• Assigned task:
Apart from the pictures, everything in the lines below must be printed exactly.

• Available data:
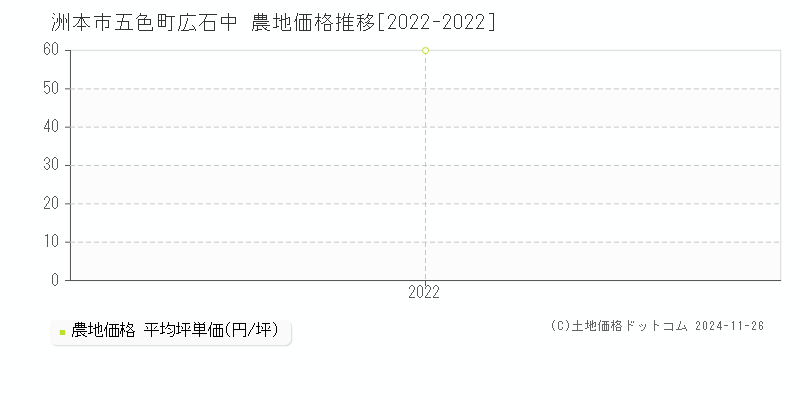 五色町広石中(洲本市)の農地価格推移グラフ(坪単価)[2022-2022年]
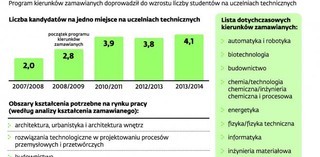 Kierunki już nie będą zamawiane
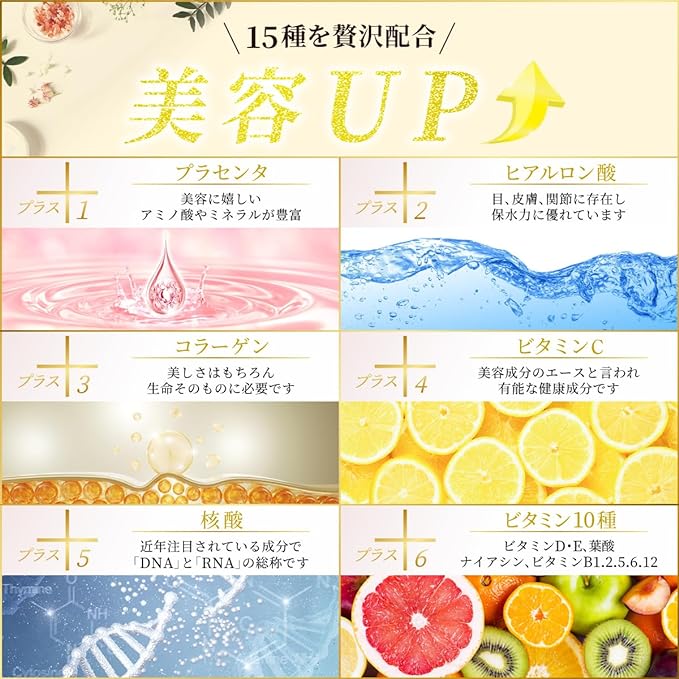 JUWERA Made in Japan Femininity Enhancement Supplement Elastin Isoflavone 15 types of beauty ingredients Supplement (30 days supply) GMP factory - BeesActive Australia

• Response area:
 五色町広石中(洲本市)の農地価格推移グラフ(坪単価)[2022-2022年]
 Kierunki już nie będą zamawiane
 JUWERA Made in Japan Femininity Enhancement Supplement Elastin Isoflavone 15 types of beauty ingredients Supplement (30 days supply) GMP factory - BeesActive Australia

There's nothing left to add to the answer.